§ **Task instructions**
Write out, word for word, the part of the listing below that opens with the line containing "Apartamento 2 Quartos" and closes with the line containing "Rumah Tua Hitung", keeping both of those lines and adding no others.

(Beginning of Source data)

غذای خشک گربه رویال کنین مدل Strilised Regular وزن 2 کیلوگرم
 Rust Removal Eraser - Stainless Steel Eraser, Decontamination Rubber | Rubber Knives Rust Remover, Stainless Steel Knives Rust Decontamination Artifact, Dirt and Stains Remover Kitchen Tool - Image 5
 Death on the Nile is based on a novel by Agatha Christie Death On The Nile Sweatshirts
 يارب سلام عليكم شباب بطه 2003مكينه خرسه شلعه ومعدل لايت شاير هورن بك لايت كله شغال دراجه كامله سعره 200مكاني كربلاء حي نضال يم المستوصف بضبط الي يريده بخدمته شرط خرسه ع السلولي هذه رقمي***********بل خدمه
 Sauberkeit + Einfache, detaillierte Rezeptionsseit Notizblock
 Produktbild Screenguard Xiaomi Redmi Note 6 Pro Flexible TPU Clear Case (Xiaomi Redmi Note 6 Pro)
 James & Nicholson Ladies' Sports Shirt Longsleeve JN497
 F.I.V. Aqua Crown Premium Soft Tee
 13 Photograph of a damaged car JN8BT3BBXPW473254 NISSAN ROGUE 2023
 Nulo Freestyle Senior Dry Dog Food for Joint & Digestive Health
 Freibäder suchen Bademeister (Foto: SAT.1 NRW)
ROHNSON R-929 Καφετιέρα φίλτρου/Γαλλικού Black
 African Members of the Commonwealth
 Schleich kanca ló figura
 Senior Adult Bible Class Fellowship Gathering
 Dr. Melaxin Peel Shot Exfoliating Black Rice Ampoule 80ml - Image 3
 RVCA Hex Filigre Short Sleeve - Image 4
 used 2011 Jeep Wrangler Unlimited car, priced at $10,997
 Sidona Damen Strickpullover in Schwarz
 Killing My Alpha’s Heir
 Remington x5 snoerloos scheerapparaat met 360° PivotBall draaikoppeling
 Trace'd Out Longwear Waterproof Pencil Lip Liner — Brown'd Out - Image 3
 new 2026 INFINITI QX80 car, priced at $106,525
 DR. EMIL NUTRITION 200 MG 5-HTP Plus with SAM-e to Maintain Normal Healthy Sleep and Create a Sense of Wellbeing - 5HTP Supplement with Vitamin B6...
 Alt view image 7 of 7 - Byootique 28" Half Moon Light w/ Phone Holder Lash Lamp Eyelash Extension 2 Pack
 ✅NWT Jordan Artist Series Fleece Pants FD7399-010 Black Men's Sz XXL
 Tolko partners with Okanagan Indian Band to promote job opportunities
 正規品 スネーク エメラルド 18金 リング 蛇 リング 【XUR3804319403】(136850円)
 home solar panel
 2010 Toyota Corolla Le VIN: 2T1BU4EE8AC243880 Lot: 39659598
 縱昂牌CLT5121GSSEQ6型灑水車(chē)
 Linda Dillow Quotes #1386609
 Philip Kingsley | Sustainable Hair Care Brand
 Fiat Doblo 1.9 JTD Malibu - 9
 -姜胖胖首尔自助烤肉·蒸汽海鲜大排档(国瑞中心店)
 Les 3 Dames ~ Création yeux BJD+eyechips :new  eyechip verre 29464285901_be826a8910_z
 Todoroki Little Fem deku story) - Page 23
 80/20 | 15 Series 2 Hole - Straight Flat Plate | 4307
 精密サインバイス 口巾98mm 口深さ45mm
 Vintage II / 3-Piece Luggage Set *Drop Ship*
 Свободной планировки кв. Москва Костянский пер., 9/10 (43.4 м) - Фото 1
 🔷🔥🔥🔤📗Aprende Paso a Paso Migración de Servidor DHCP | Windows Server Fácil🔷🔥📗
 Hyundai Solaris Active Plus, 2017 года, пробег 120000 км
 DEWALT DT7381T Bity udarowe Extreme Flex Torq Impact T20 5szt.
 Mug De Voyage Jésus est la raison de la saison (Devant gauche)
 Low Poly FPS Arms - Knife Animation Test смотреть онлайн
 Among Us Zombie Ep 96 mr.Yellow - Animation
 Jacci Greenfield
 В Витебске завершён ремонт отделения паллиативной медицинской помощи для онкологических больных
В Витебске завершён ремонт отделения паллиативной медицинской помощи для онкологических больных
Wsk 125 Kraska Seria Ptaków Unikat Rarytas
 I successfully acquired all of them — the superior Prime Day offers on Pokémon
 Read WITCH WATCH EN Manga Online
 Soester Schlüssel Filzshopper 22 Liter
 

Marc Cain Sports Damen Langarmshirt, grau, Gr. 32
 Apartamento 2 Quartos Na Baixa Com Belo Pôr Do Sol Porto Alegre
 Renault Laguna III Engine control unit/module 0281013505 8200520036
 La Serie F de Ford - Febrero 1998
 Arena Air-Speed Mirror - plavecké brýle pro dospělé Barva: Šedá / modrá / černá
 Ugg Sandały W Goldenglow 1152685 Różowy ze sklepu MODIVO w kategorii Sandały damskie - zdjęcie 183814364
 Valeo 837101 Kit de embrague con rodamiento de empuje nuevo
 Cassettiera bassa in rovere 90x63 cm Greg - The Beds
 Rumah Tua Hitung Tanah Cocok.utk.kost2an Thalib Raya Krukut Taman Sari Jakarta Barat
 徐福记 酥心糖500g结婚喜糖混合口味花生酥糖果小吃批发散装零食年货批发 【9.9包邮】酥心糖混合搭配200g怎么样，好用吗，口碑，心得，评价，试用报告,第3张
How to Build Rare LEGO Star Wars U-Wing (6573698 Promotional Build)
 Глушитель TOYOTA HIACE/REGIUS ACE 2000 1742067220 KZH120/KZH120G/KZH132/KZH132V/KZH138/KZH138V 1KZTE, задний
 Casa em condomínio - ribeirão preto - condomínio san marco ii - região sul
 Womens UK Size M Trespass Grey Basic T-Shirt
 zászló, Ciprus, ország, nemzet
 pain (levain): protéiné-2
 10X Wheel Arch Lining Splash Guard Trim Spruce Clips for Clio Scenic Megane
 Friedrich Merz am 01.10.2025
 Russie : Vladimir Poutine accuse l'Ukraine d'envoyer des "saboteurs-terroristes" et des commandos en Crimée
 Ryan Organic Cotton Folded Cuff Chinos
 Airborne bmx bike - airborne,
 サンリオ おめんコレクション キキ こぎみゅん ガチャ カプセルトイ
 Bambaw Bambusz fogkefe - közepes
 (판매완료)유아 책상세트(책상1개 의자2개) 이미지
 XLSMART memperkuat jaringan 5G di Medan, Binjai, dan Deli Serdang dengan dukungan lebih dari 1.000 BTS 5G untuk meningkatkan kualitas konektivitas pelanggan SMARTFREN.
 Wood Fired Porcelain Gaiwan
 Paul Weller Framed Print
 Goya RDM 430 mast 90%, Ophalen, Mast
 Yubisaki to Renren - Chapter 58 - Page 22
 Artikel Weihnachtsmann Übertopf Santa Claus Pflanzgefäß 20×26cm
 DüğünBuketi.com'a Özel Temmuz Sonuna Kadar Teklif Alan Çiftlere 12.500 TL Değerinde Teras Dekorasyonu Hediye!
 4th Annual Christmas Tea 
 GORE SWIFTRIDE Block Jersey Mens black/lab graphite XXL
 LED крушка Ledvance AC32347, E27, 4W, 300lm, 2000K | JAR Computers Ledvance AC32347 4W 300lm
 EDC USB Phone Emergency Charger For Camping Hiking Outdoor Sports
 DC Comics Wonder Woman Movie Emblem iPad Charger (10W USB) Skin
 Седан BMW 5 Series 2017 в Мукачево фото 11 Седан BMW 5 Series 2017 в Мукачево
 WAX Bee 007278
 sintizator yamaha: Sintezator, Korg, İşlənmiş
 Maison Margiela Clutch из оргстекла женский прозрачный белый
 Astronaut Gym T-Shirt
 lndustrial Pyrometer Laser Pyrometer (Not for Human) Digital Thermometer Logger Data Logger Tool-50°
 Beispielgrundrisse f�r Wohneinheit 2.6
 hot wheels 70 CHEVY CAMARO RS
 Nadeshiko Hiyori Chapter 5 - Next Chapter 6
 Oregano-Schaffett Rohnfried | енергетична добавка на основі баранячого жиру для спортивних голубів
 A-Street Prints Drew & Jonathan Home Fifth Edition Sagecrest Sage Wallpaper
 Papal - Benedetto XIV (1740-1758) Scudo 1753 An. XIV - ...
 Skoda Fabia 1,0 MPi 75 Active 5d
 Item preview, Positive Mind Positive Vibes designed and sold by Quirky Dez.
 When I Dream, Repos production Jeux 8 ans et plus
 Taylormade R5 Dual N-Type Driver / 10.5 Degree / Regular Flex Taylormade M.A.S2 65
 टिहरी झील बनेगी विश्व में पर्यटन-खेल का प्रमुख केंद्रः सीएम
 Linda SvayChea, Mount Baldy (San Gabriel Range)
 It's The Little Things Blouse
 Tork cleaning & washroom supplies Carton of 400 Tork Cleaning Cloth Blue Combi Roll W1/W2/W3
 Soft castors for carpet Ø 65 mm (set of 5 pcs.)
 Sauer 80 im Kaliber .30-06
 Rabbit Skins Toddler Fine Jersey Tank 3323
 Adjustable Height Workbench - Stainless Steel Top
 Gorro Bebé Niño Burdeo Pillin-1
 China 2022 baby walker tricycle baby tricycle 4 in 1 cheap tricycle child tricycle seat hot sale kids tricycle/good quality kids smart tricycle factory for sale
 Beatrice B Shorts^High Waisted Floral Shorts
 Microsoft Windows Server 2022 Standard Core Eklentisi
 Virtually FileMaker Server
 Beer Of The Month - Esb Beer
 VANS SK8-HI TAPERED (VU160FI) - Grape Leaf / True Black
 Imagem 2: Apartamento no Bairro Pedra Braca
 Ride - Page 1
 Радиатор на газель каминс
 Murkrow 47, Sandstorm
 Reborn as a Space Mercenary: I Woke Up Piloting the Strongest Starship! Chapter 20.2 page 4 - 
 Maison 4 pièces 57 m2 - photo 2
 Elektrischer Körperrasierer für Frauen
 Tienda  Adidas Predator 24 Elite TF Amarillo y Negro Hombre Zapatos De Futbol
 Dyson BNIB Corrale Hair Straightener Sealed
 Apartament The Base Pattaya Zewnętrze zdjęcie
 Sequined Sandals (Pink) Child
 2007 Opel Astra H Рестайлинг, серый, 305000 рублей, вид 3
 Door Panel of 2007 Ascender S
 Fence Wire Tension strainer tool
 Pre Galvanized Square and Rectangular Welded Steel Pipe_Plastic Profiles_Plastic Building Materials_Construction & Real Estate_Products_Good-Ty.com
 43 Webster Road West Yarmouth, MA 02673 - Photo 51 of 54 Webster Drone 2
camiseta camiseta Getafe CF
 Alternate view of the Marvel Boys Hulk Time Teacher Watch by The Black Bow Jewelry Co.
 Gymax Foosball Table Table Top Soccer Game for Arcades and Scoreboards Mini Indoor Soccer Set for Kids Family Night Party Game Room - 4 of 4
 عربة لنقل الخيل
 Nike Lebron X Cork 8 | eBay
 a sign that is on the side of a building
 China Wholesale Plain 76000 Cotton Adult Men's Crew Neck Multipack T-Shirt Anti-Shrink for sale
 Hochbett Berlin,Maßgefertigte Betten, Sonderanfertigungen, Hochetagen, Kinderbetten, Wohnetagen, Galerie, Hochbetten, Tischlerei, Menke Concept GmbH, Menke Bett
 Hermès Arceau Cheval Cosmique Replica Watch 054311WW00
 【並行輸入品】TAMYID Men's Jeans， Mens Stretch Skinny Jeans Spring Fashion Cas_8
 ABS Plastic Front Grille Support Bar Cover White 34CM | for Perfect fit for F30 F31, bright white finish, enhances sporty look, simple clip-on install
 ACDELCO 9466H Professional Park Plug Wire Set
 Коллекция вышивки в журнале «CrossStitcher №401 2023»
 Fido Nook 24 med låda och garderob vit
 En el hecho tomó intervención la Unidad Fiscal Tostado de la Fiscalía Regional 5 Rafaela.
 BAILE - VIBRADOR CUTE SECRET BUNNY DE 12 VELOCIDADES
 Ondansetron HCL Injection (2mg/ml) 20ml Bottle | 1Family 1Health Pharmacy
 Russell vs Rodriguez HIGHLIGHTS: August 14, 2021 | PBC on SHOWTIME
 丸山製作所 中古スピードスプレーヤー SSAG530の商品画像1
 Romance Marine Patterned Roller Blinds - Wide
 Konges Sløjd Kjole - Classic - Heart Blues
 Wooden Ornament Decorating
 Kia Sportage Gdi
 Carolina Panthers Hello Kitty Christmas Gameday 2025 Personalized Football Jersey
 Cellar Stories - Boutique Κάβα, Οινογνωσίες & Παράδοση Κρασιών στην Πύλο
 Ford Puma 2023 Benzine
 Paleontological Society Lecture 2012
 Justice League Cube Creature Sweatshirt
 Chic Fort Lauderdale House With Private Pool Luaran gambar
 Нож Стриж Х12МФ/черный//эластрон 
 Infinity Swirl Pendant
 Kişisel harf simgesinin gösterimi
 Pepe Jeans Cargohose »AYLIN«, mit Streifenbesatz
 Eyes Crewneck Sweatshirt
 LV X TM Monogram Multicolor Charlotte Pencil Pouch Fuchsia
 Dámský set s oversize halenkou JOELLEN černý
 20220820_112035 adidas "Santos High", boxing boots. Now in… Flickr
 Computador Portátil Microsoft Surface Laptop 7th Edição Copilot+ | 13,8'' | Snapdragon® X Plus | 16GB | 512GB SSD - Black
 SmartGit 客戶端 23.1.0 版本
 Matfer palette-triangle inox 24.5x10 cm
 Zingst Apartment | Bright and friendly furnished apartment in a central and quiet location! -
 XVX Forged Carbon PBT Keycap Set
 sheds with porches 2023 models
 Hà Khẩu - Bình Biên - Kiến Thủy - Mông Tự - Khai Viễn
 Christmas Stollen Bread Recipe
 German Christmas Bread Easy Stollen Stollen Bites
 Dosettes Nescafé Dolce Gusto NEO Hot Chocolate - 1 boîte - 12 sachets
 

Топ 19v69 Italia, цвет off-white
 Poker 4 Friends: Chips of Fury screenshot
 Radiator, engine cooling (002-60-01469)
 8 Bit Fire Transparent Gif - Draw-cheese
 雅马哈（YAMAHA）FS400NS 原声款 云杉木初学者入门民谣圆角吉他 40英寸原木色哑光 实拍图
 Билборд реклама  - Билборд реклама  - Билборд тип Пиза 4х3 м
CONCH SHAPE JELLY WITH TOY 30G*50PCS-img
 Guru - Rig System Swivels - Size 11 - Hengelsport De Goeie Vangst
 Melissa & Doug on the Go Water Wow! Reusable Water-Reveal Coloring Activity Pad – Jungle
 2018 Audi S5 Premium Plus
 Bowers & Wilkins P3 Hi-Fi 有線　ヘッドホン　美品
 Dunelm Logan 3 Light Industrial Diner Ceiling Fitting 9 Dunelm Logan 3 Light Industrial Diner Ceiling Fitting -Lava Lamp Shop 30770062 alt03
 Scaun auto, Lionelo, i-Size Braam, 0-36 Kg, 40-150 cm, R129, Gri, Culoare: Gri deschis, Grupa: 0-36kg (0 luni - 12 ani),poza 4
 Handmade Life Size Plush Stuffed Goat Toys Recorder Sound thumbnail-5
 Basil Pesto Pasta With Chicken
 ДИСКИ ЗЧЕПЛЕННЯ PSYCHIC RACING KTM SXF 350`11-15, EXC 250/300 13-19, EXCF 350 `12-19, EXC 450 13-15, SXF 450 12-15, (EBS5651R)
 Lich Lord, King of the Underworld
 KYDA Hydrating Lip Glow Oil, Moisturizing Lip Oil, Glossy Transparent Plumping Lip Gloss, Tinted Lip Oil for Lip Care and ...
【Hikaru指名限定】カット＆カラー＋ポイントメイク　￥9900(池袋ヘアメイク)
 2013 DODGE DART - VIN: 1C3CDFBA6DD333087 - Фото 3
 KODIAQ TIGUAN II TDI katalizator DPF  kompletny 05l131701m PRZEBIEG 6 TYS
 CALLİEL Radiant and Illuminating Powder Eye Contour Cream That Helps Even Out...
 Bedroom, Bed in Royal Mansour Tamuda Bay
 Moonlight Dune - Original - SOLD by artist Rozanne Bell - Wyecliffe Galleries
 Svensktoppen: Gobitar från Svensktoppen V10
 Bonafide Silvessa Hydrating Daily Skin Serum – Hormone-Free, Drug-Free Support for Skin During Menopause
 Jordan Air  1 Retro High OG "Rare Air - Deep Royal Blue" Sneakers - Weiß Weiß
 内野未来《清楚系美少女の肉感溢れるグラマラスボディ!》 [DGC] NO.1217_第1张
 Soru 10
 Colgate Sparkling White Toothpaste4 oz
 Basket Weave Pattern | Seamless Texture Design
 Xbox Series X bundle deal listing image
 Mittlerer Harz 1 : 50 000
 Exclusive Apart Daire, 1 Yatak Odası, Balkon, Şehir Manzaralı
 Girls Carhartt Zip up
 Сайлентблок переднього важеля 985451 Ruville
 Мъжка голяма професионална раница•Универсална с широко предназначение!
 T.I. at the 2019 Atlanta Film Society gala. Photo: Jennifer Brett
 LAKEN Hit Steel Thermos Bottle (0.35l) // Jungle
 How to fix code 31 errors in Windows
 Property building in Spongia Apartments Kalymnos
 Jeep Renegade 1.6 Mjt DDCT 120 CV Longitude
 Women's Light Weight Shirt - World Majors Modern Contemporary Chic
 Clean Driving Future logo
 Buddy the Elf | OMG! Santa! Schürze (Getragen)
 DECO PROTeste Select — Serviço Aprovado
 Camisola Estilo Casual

(End of Source data)

§ **Completed task**
 Apartamento 2 Quartos Na Baixa Com Belo Pôr Do Sol Porto Alegre
 Renault Laguna III Engine control unit/module 0281013505 8200520036
 La Serie F de Ford - Febrero 1998
 Arena Air-Speed Mirror - plavecké brýle pro dospělé Barva: Šedá / modrá / černá
 Ugg Sandały W Goldenglow 1152685 Różowy ze sklepu MODIVO w kategorii Sandały damskie - zdjęcie 183814364
 Valeo 837101 Kit de embrague con rodamiento de empuje nuevo
 Cassettiera bassa in rovere 90x63 cm Greg - The Beds
 Rumah Tua Hitung Tanah Cocok.utk.kost2an Thalib Raya Krukut Taman Sari Jakarta Barat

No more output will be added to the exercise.